# Directions for this task:
Your answer must be an exact copy of the records below, with no pictures in it.

# Source records:
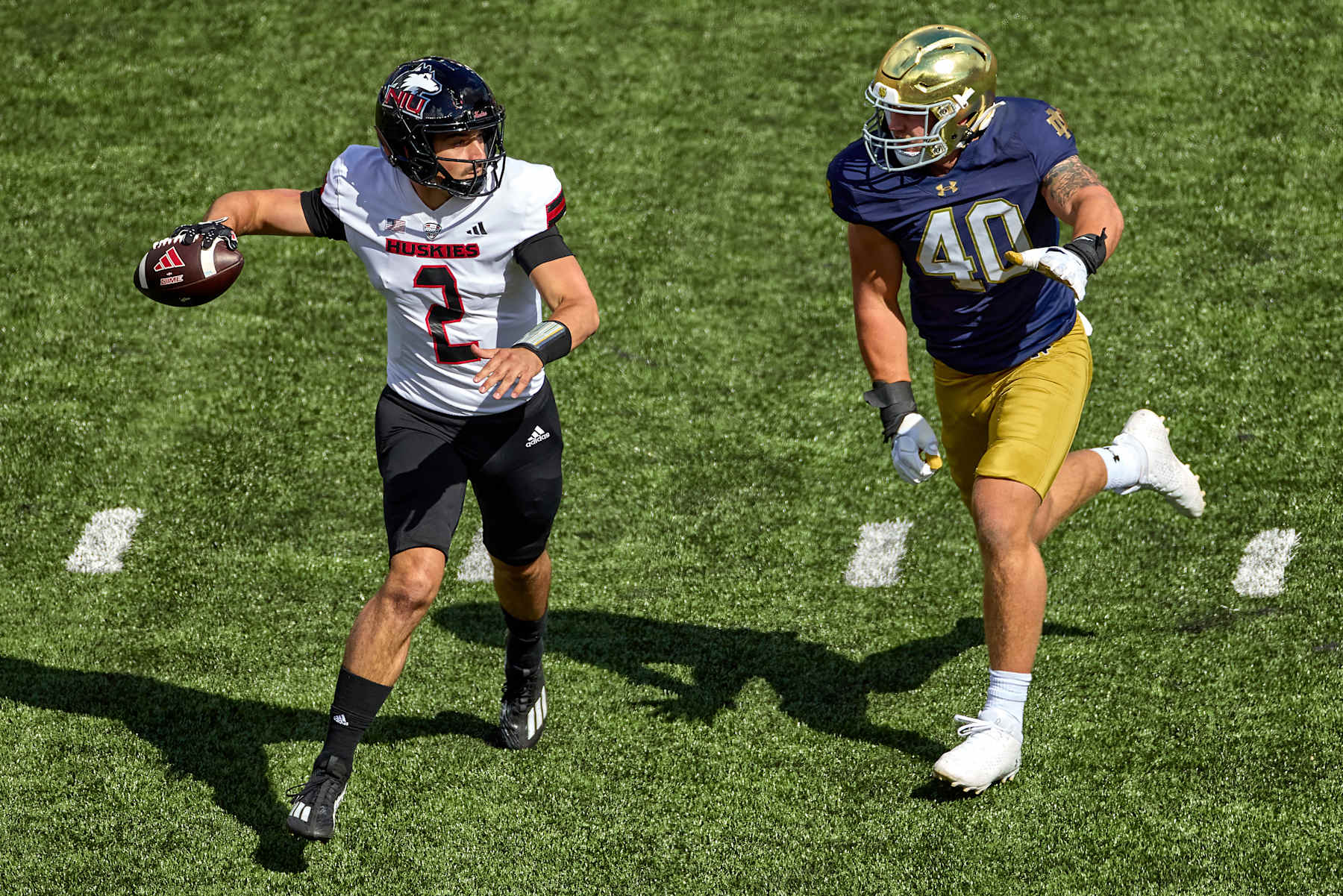 SOUTH BEND, IN - SEPTEMBER 07: Northern Illinois Huskies quarterback Ethan Hampton (2) runs with the football and battles with Notre Dame Fighting Irish linebacker Joshua Burnham (40) in action during a game between the Northern Illinois Huskies the Notre Dame Fighting Irish on September 7, 2024, at Notre Dame Stadium in South Bend, IN. (Photo by Robin Alam/Icon Sportswire via Getty Images)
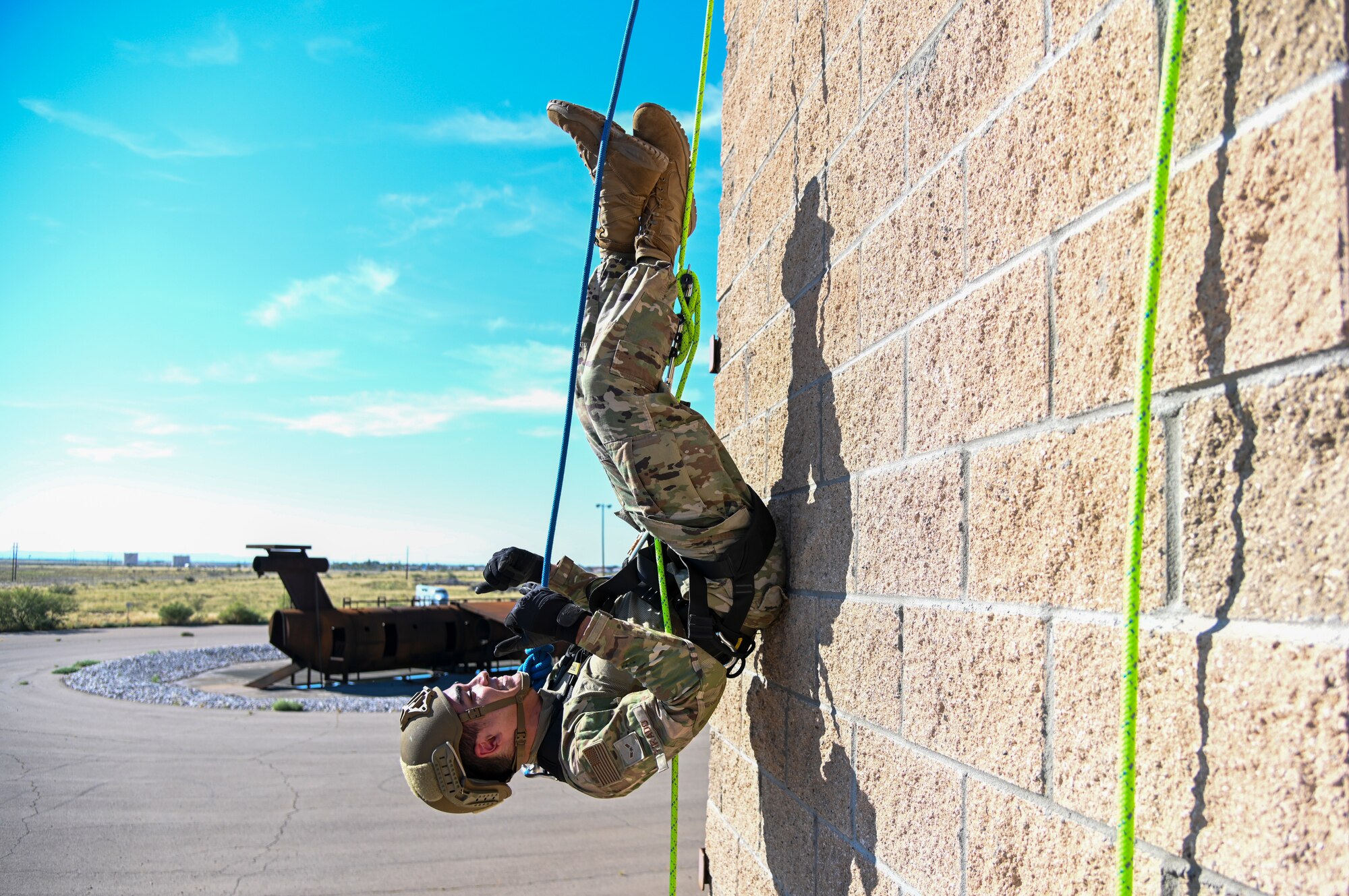 Airman 1st Class Isaiah Tirado, 49th Security Forces Squadron installation entry controller, hangs upside down during the 49th Wing’s first rappel skills training, Oct. 5, 2021, on Holloman Air Force Base, New Mexico. Holloman Defenders and firefighters learned rappel skills to use for rapid building entry and exit in hostile situations. (U.S. Air Force photo by Airman 1st Class Jessica Sanchez-Chen)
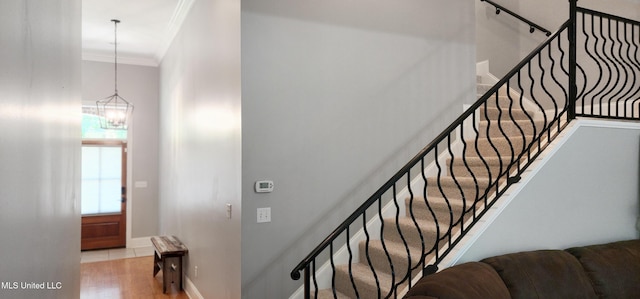 682 Hilo Way, Diamondhead, MS 39525 - staircase featuring ornamental molding, wood finished floors, and a chandelier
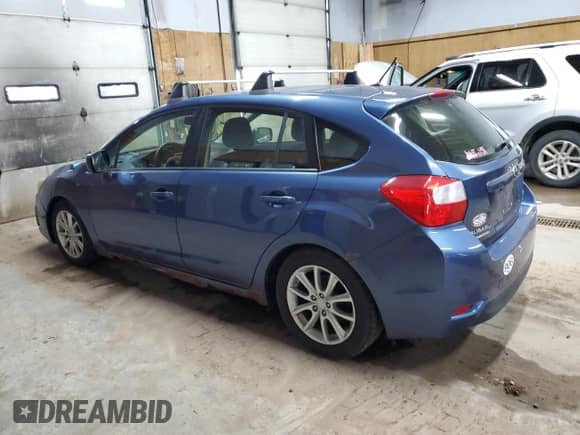 2012 Subaru Impreza Premium with VIN JF1GPAC61CH245269, listed as a Copart auction lot 90350265 with 135,382 mi miles and Clean title. Bid and sale history available at DreamBid. Image 2.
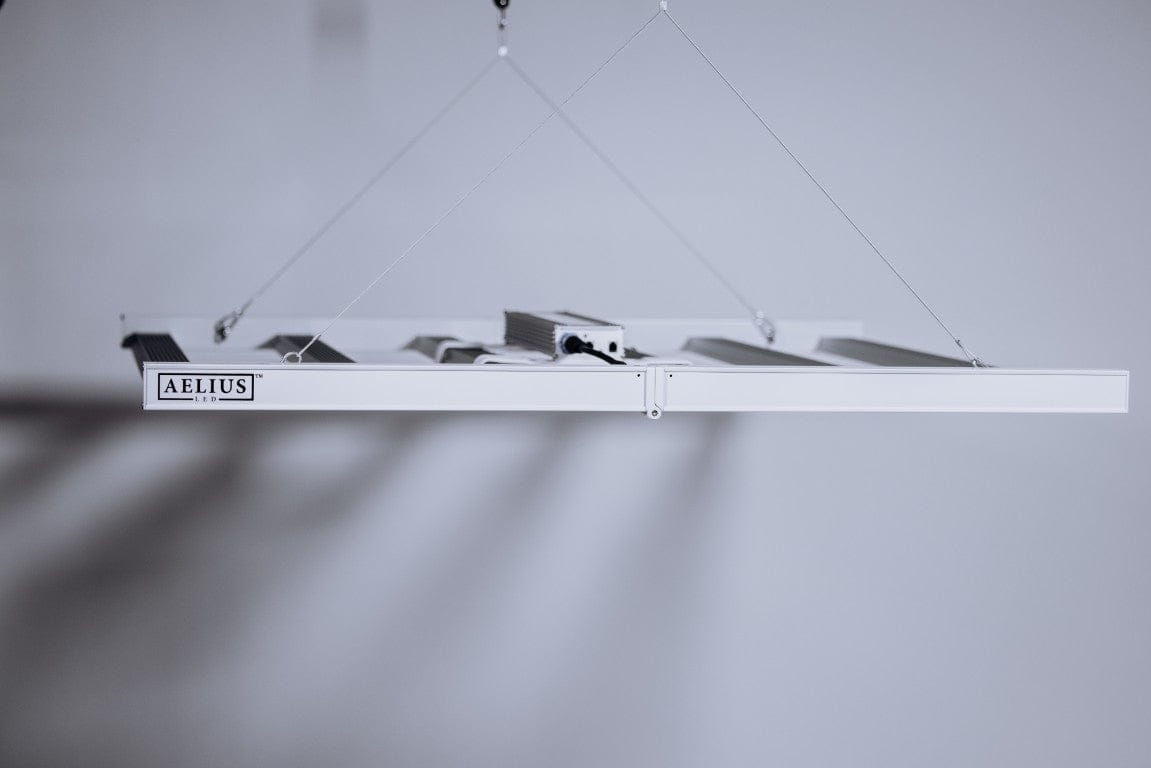Aelius LED grow light fixture with logo.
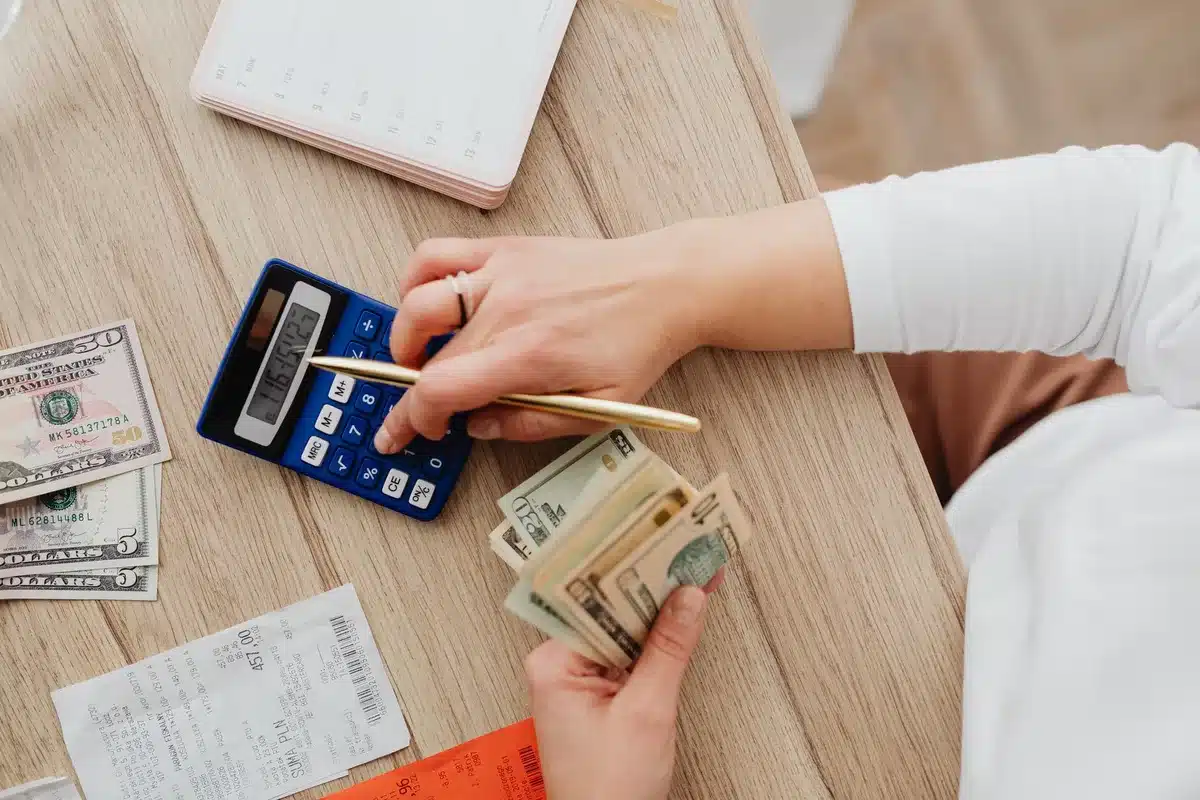 Personne calculant son budget mensuel face à des factures et relevés bancaires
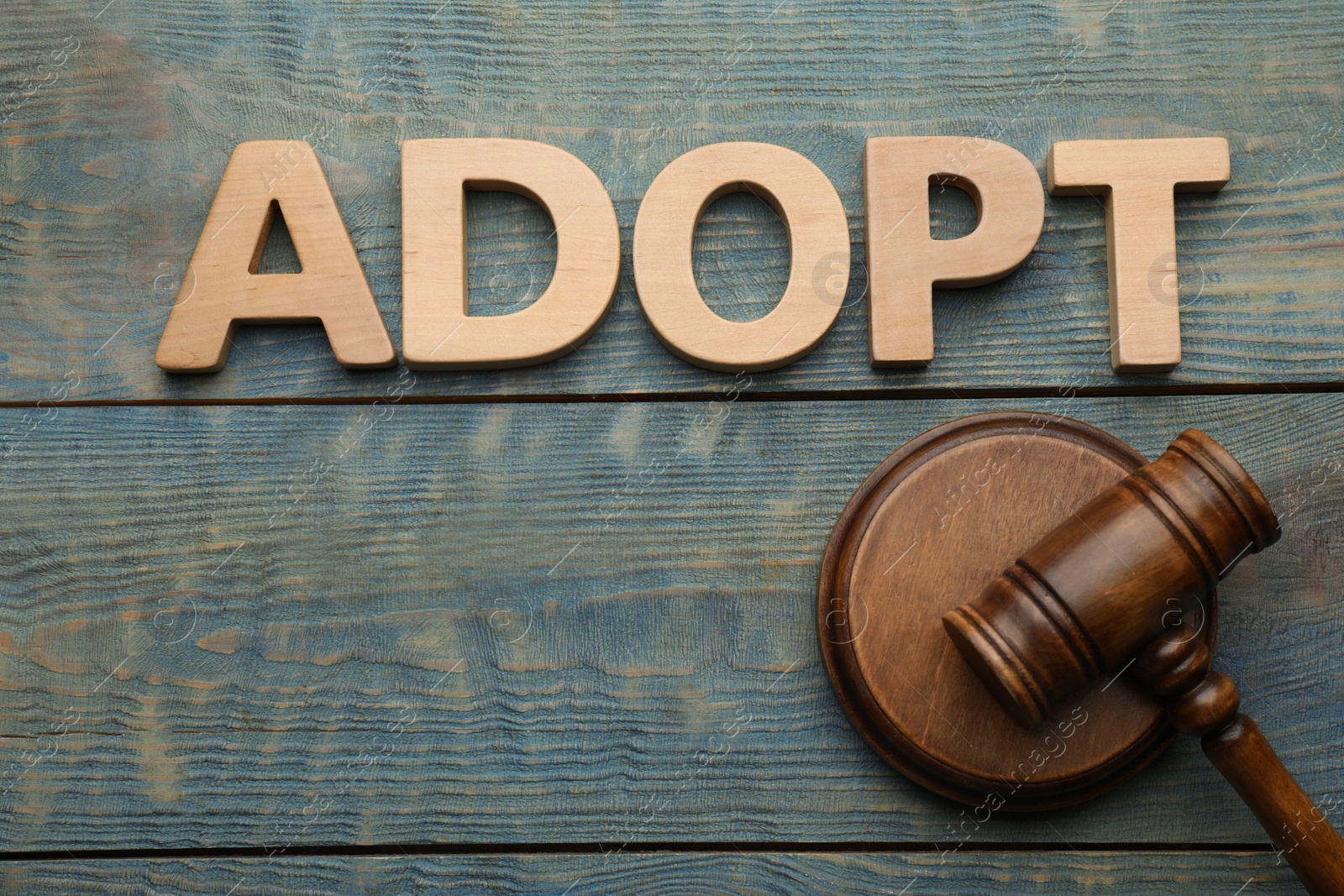 Photo of Word Adopt and gavel on blue wooden table, flat lay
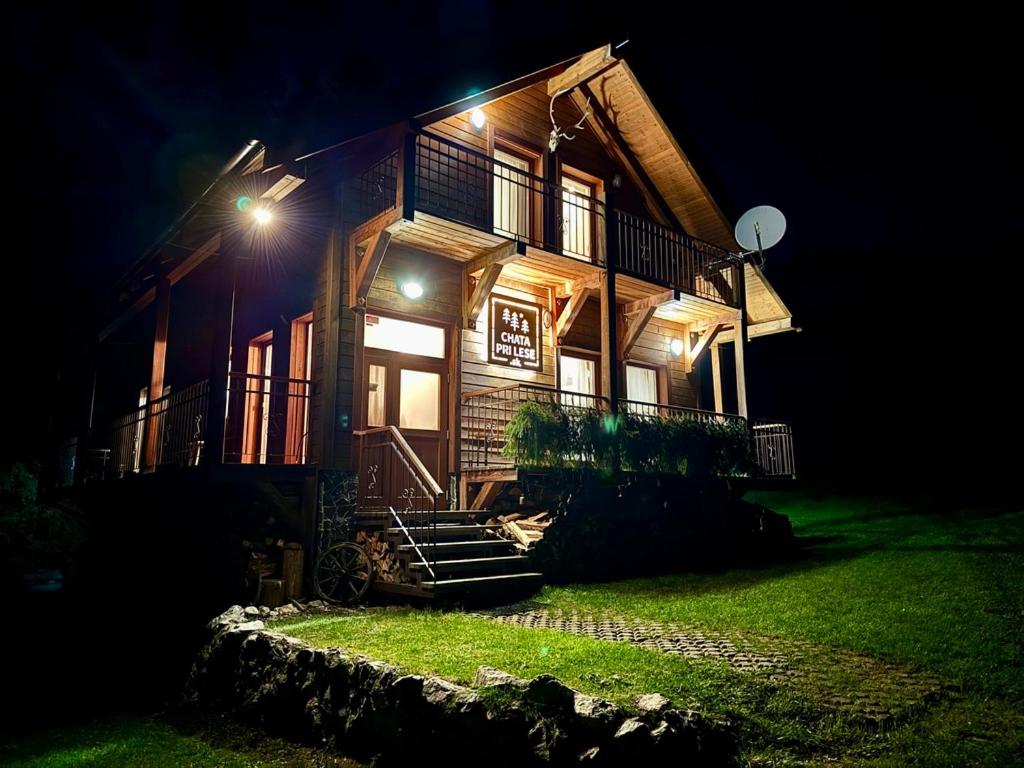 a house with lights on the side of it at night at Chata pri lese,Liptov in Bobrovec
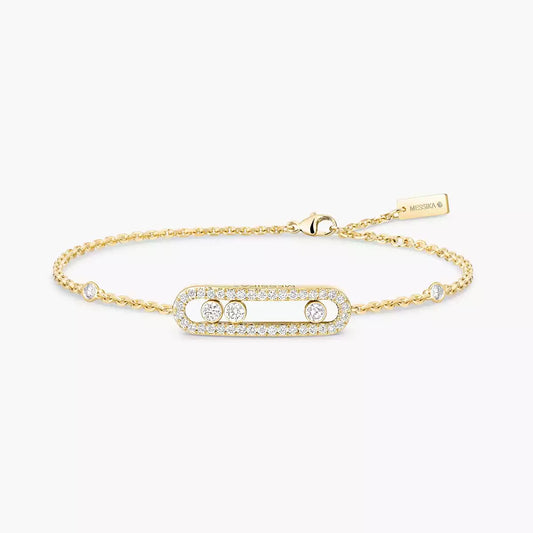 This pavé bracelet in 18 karat yellow gold is part of Move, the signature collection of the Maison Messika.
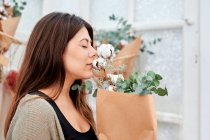 Vista lateral do cliente feminino da florista loja cheirando monte de flores envolto em pacote de papel com os olhos fechados — Fotografia de Stock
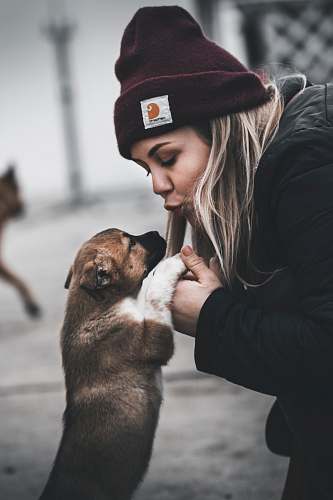 human woman about to kiss a tan puppy pet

# Your solution:
 SOUTH BEND, IN - SEPTEMBER 07: Northern Illinois Huskies quarterback Ethan Hampton (2) runs with the football and battles with Notre Dame Fighting Irish linebacker Joshua Burnham (40) in action during a game between the Northern Illinois Huskies the Notre Dame Fighting Irish on September 7, 2024, at Notre Dame Stadium in South Bend, IN. (Photo by Robin Alam/Icon Sportswire via Getty Images)
 Airman 1st Class Isaiah Tirado, 49th Security Forces Squadron installation entry controller, hangs upside down during the 49th Wing’s first rappel skills training, Oct. 5, 2021, on Holloman Air Force Base, New Mexico. Holloman Defenders and firefighters learned rappel skills to use for rapid building entry and exit in hostile situations. (U.S. Air Force photo by Airman 1st Class Jessica Sanchez-Chen)
 682 Hilo Way, Diamondhead, MS 39525 - staircase featuring ornamental molding, wood finished floors, and a chandelier
 2012 Subaru Impreza Premium with VIN JF1GPAC61CH245269, listed as a Copart auction lot 90350265 with 135,382 mi miles and Clean title. Bid and sale history available at DreamBid. Image 2.
Aelius LED grow light fixture with logo.
 Personne calculant son budget mensuel face à des factures et relevés bancaires
 Photo of Word Adopt and gavel on blue wooden table, flat lay
 a house with lights on the side of it at night at Chata pri lese,Liptov in Bobrovec
 This pavé bracelet in 18 karat yellow gold is part of Move, the signature collection of the Maison Messika.
 Vista lateral do cliente feminino da florista loja cheirando monte de flores envolto em pacote de papel com os olhos fechados — Fotografia de Stock
 human woman about to kiss a tan puppy pet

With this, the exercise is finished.